TASK STATEMENT: Repeat the listing exactly as given, omitting every image.

MATERIAL PROVIDED:
╔══
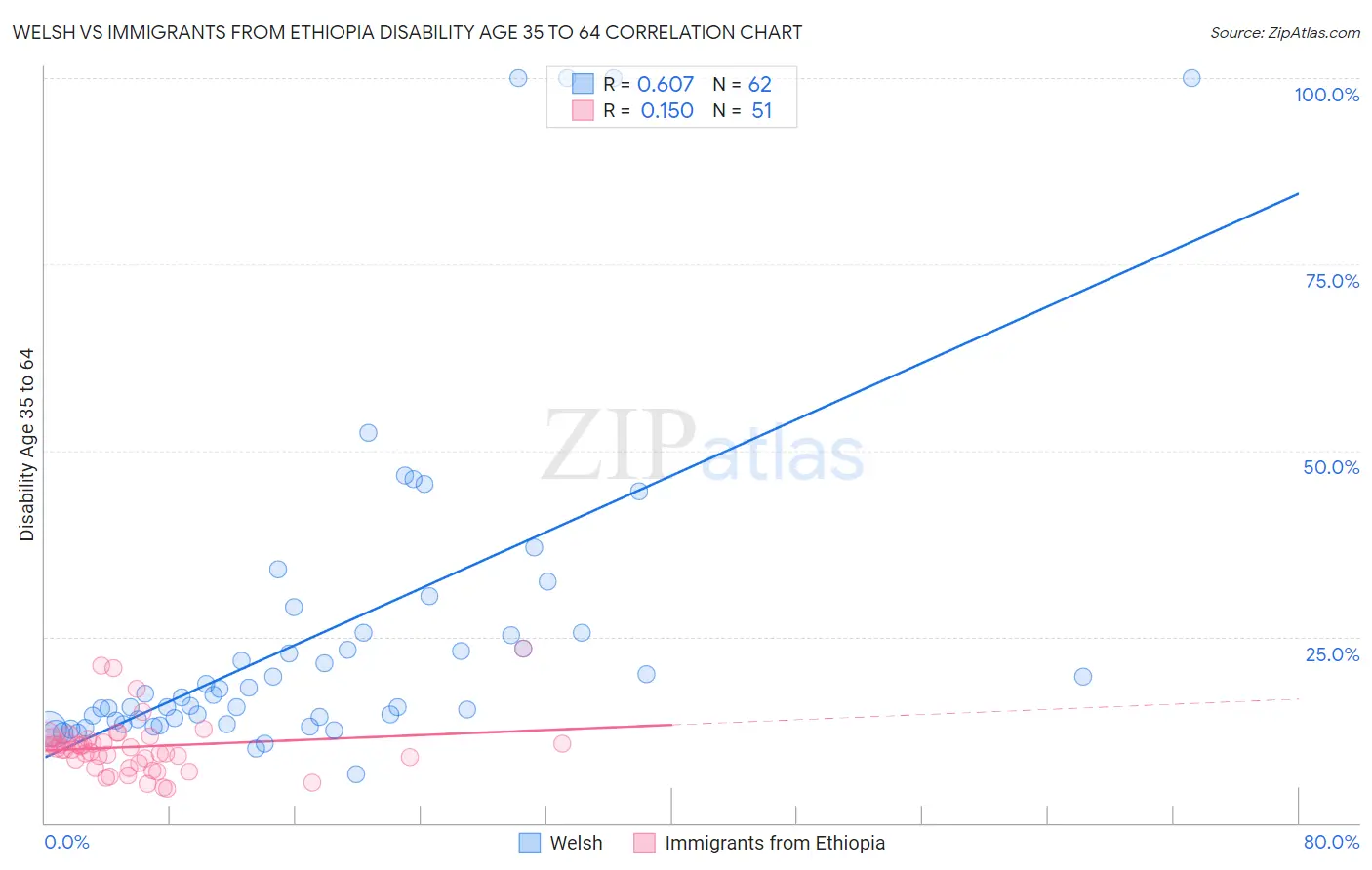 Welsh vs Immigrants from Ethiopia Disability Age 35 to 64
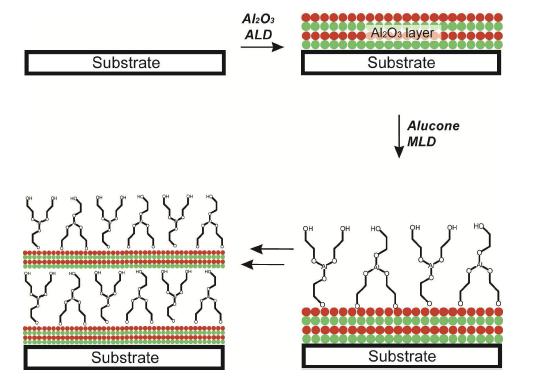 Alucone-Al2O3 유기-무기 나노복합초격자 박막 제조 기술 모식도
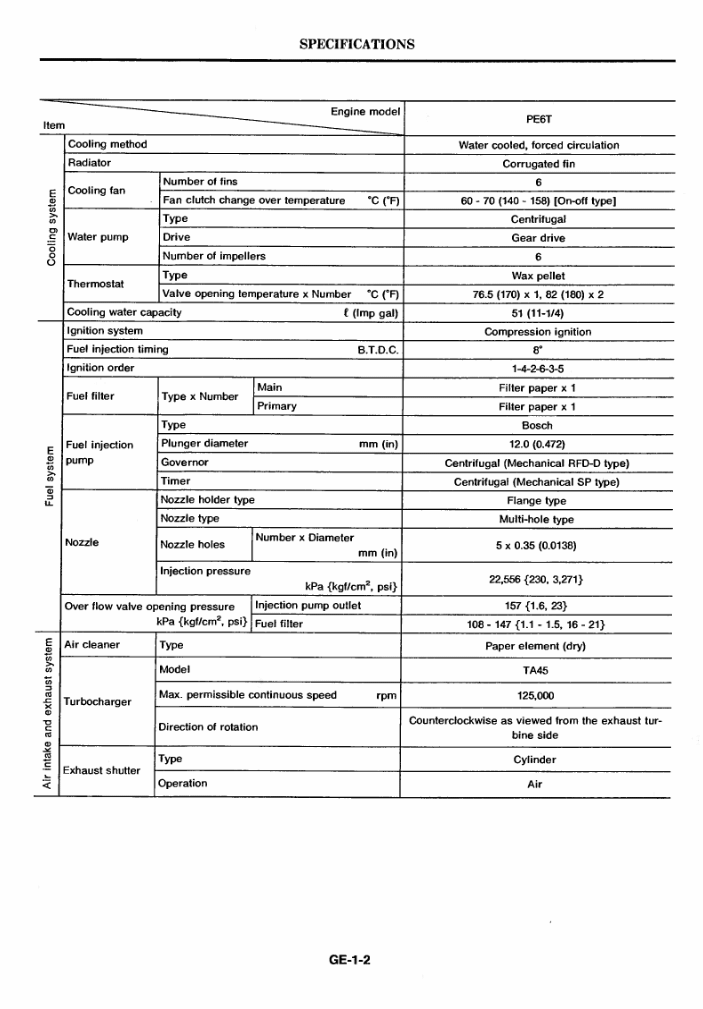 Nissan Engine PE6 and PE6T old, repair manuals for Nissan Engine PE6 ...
╚══
SOLUTION TO THE PROBLEM:
 Welsh vs Immigrants from Ethiopia Disability Age 35 to 64
 Alucone-Al2O3 유기-무기 나노복합초격자 박막 제조 기술 모식도
 Nissan Engine PE6 and PE6T old, repair manuals for Nissan Engine PE6 ...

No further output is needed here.